Glenda Paul, a director of IRS Forensic Investigations, said: "There are several similar cases under investigation in South Africa. It is suspected that some of the syndicate members are resident in Cape Town, but a large portion of the syndicate works out of internet cafés worldwide."

Of particular concern to investigators is that the scammers are able to open local bank accounts to commit the fraud.

"The scammers seem to have been able to bypass the Fica[Financial Intelligence Centre Act] process," Paul said.

Papers filed in the Western Cape High Court last year suggested that a syndicate which defrauded women across the world, after befriending them on dating sites, was based in Cape Town.

An American woman laid a complaint after she became suspicious when asked to transfer money to a civil engineer she met online. Investigations revealed that, in fact, she had been communicating with a Nigerian in Cape Town. He had five bank accounts holding at least R5-million.

The Durban woman joined online dating site Thunderbolt City in April last year hoping to meet a companion to advise her on her intended move to Cape Town, where her twin daughters planned to study.

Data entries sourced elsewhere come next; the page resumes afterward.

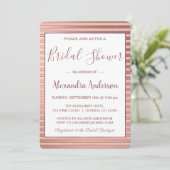 Blush Pink Stripe Bridal Dusche Einladung (Stehend Vorderseite)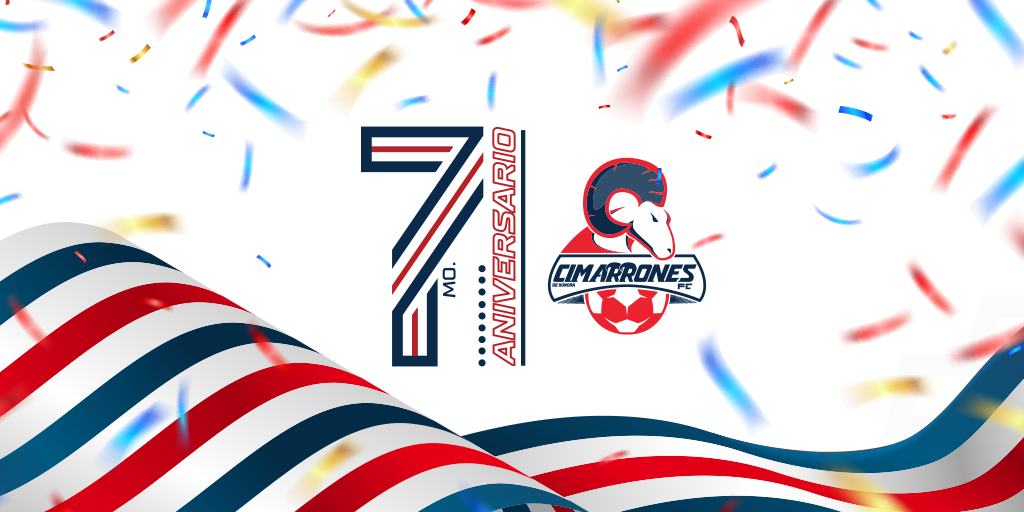 CimarronesFC's tweet photo. 🎉 ¡Estamos de fiesta!🎊

🔵⚽🔴 Cumplimos 7 años siendo el equipo de futbol en Sonora, ha sido un camino de triunfos, aprendizaje y crecimiento. Creemos en nuestro proyecto y seguimos adelante en todo momento. 🐏

#7moAniversarioCimarrones https://t.co/GuFlb0GCwb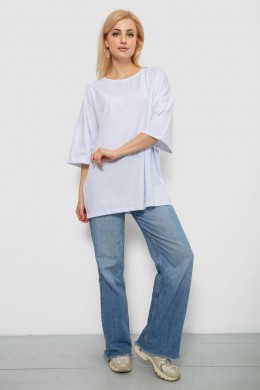Футболка женская однотонная, цвет белый, 244R3018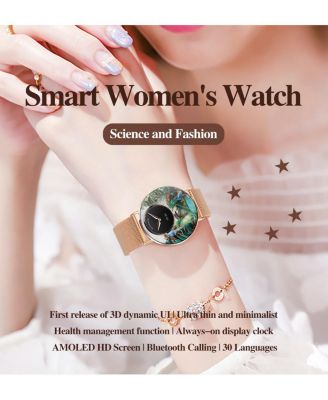 RUXING Women's Smart Watch 1.32" Full Touch Screen Bluetooth Call Silver Strap Round Dial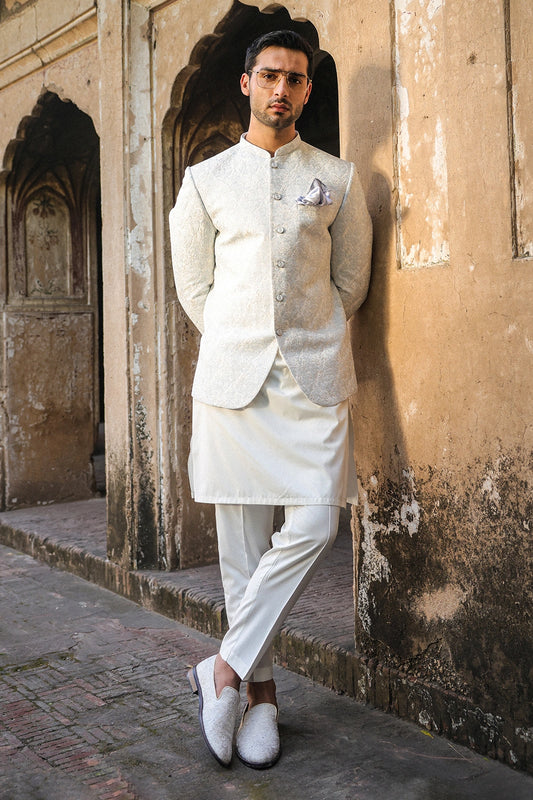 Ice Blue & Off-White Embroidered Prince Coat for Men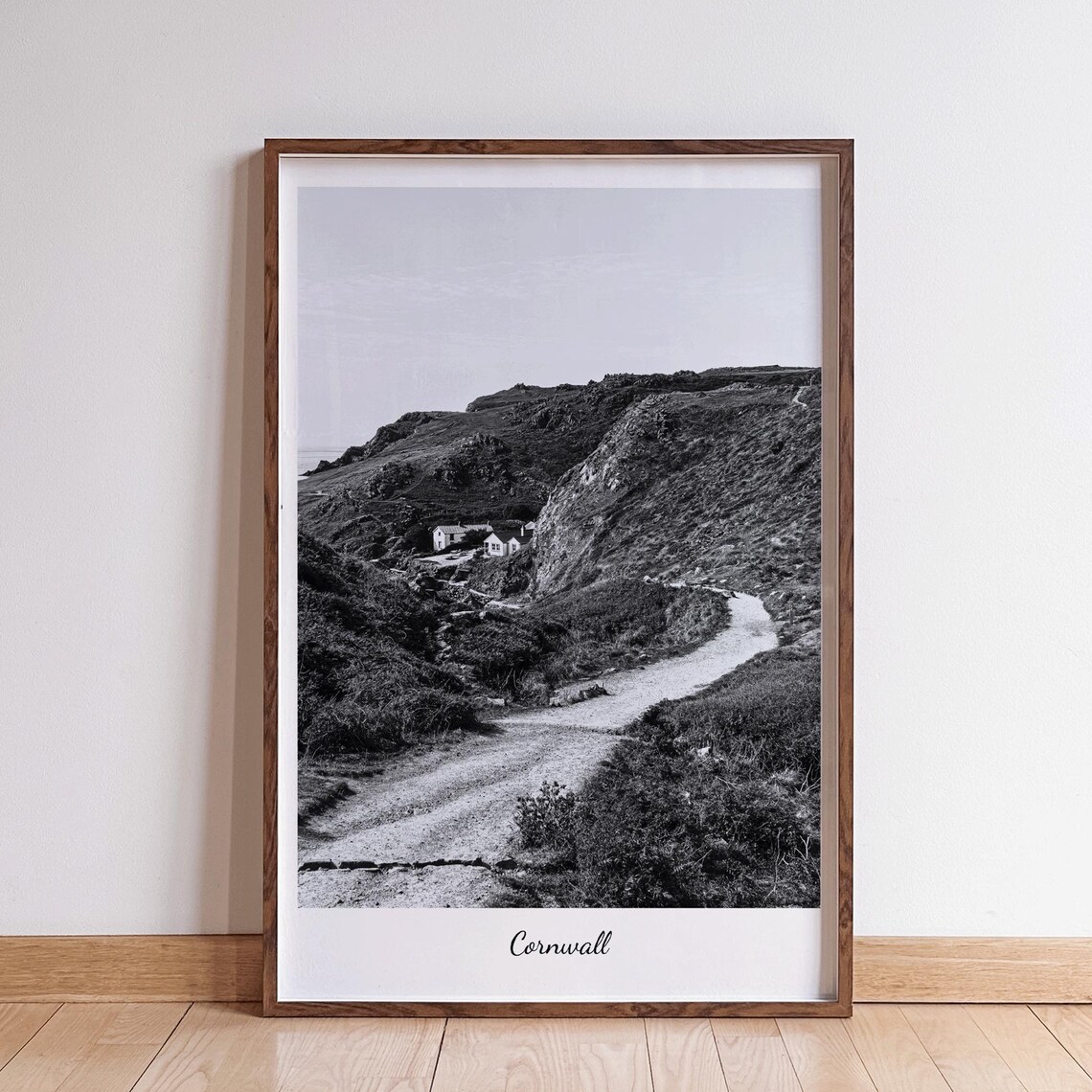 Cornwall Coastal Path, Black And White Poster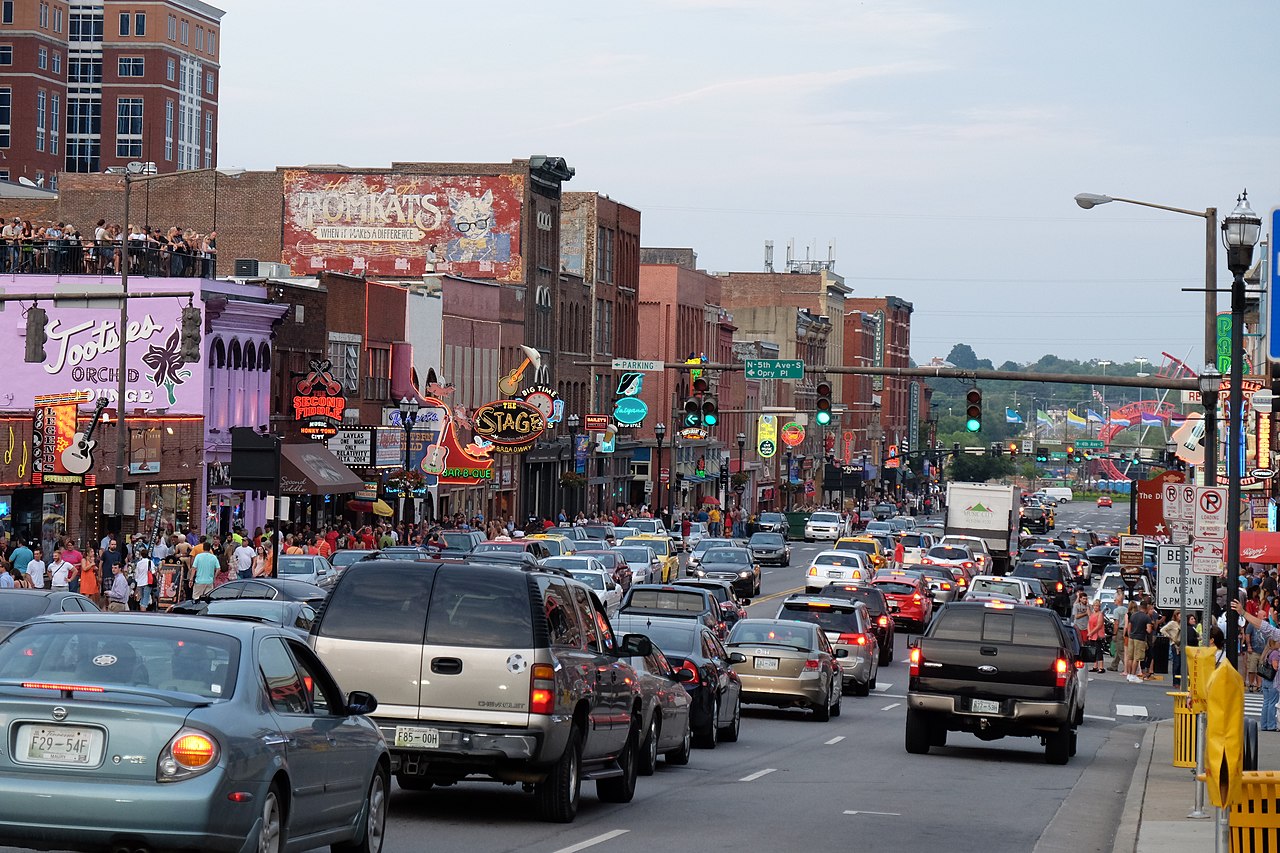 Traffic at Historic Broadway, Nashville, TN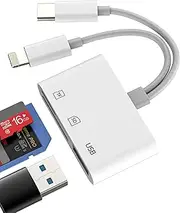 USB C Lightning to SD Card Reader (3 in 2) USB OTG 3.0 Adapter for iPad Micro SD Card Reader for iPhone 16 15 14 for Apple Type C Digital Camera TF Memory Card Reader Compatible with Samsung Android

A man identifying himself as Collins Johnson, an engineer from Gordon's Bay but working in Switzerland, began chatting to her.

In their online conversations the woman disclosed that she had sold her house to cover her daughters' university fees.

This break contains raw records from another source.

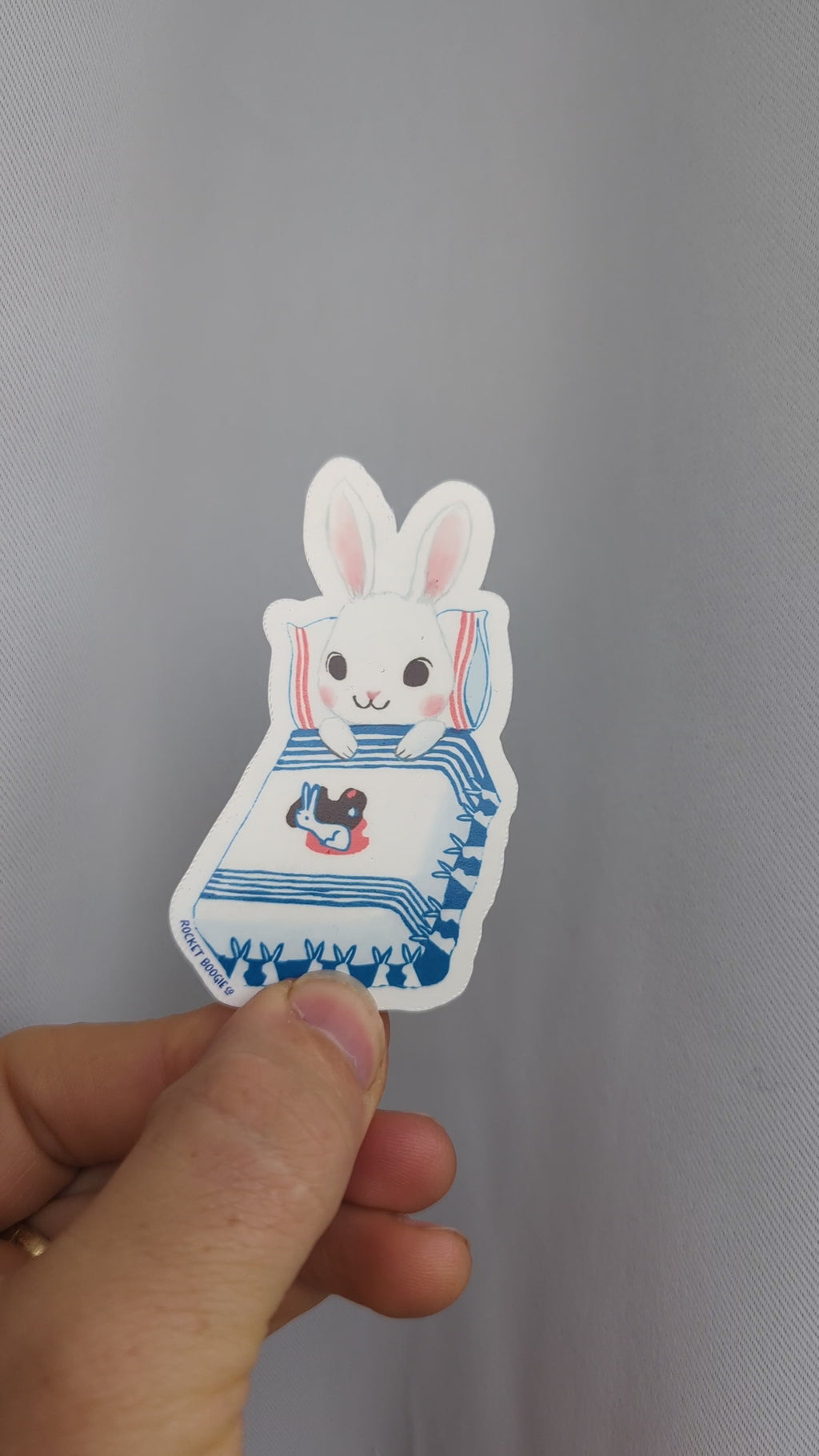 White Rabbit Bunny Bedtime Sticker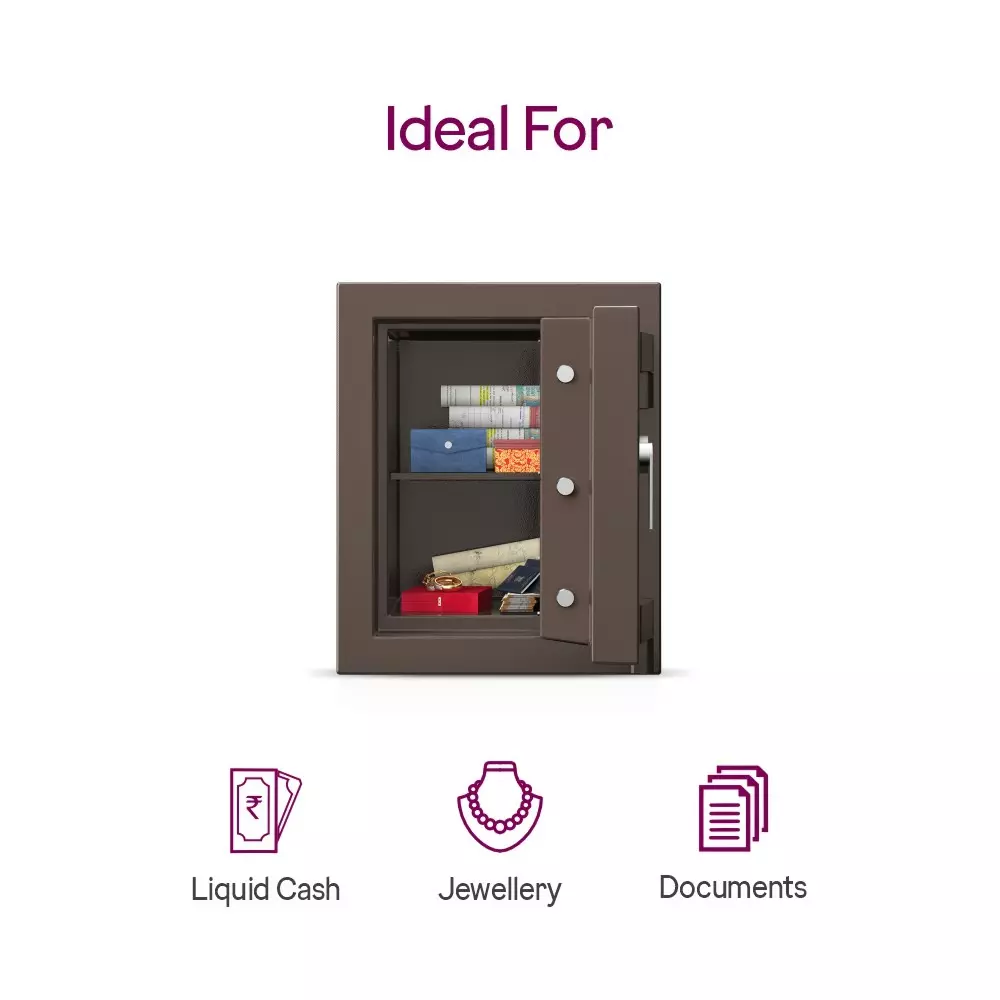 Godrej Digital Home Locker Extreme 59 L Coffee Brown Digital + Key, MATRIX 1814 (Digi)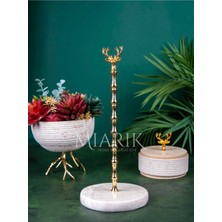 Miarik Design Bej Mermer Yaprak Detaylı Peçetelik Havluluk (Gold Altın)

"He was charming and we became friends. Soon he was calling me a few times a day and we would talk for hours."

Then he told her he had bought jewellery for her and gifts for her children from Switzerland but needed R27,000 for the package to pass through customs. She transferred the money into a Standard Bank account as requested.

"In my head, he was becoming someone special to me. He said he loved me. I was lonely and just wanted someone to talk to. I told myself that he couldn't be a con artist because he had a South African bank account."

Days later, "Johnson" said he was having problems with taxes in Switzerland.

"He told me to go to the bank to find out if I could [have] power of attorney on his account to transfer his money to him.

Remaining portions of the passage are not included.